Work task -
Every line from the one with "Bengal Warriors with the PKL 7 trophy" to the end of the listing, and nothing else, is to be printed exactly; please leave the pictures out.

Data extract -
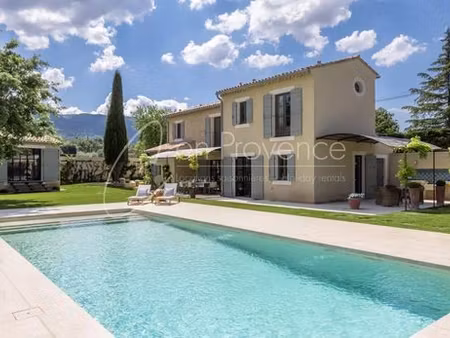 villa de luxe de 3 chambres en location oppède le vieux  france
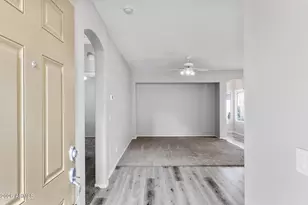 10114 E Kilarea Ave, Mesa, AZ 85209 - Photo 9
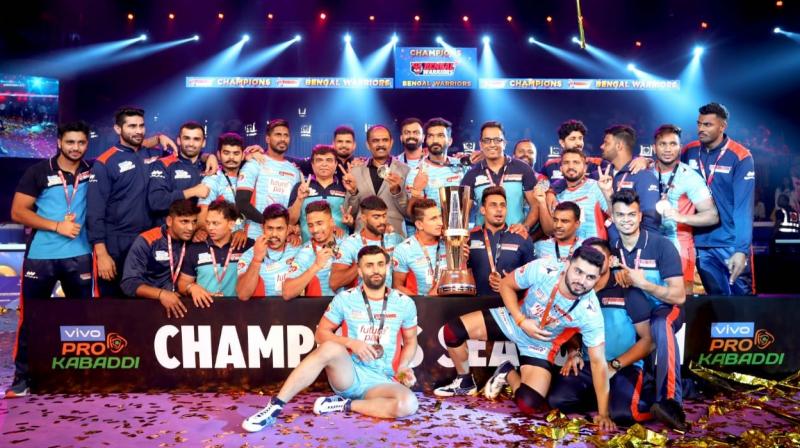 Bengal Warriors with the PKL 7 trophy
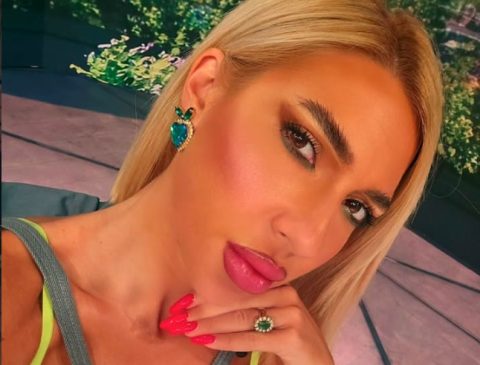Јована направи хаос во студиото: Позираше во фустан со длабоко деколте, силиконите во прв план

Answer box -
 Bengal Warriors with the PKL 7 trophy
Јована направи хаос во студиото: Позираше во фустан со длабоко деколте, силиконите во прв план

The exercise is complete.